Feeding ecology and diet
Noctilio leporinus is best known for its remarkable set of adaptations to piscivory. Only one other bat species worldwide is known to prey on fish: Myotis vivesi (Vespertilionidae). N. albiventris is primarily insectivorous, and N. leporinus also includes a large proportion of insects in the diet. Both species use their large cheek pouches to store partially chewed food, possibly allowing them to continue foraging without having to stop to consume their prey fully, as in most bats.
Bulldog bats use constant frequency and frequencymodulated echolocation to detect prey at the surface of the water and in flight. The rear feet are dragged through the water and used to gaff prey at the surface. The stiff, elongate calcars are used to elevate the tail membrane above the surface of the water, minimizing drag. Prey are sometimes transferred to the tail membrane and then to the mouth during flight.
Field studies suggest that females of both species give birth to a single young each year, with the majority of mating in November and December and births occurring in April through June. However, pregnancy and births have been recorded outside of these seasons in different parts of their ranges and a secondary reproductive peak has been recorded for Noctilio leporinus in Cuba. Young are able to fly at about one month of age. Males and females seem to attend the young during their first month of life, suggesting extensive biparental care. A single male typically lives with a harem of females in a polygynous organization. Mating behaviors are unknown, but a warty out-pocket of skin on the scrotum in males, and scent-producing glands associated with it, may be involved.
Populations seem to be stable, although bulldog bats will be negatively affected by water contamination and habitat destruction. Noctilio leporinus has been proposed as an indicator species for water quality because of the likelihood that contaminants will accumulate in their tissues through predation on aquatic insects and fish.
Significance to humans
Bulldog bats eat insects that may be considered pests by humans.

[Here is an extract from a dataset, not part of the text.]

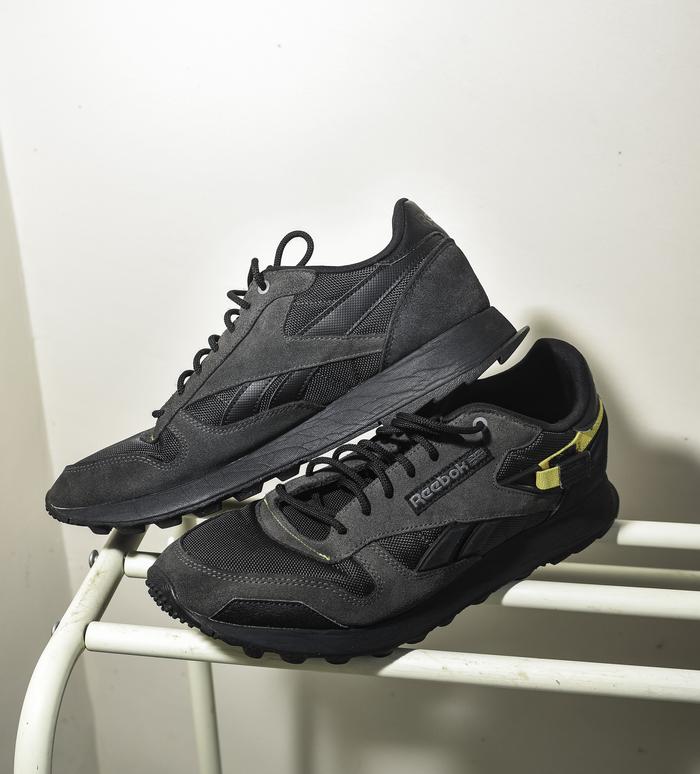 Reebok Classic Leather 'Winterized - Black Yellow' - Sepatu Pria Second/ Bekas (NO BOX) 100% Origina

List of SpeciesGreater bulldog bat
Lesser bulldog bat
Greater bulldog bat
Noctilio leporinus (Linnaeus, 1758), Suriname. Three subspecies are recognized.
other common names
English: Fishing bat, bulldog bat.
Head and body length 4.6–5 in (119–127 mm); forearm length longer than 2.9 in (75 mm); hindfoot length >0.9 in (>25 mm); combined foot and tibia length: >1.9 in (>50 mm); wingspan 19.6 in (500 mm); tail length 0.9–1.1 in (25–28 mm); ear length 1.10–1.16 in (28–29.5 mm); weighing more than 1.7 oz (50 g). Vary in size geographically, with larger individuals in the northern and southern parts of the range, and smaller individuals in the Amazon Basin. Males are larger than females; they can be distinguished from their smaller congeners, lesser bulldog bats, by their larger size and more highly modified feet.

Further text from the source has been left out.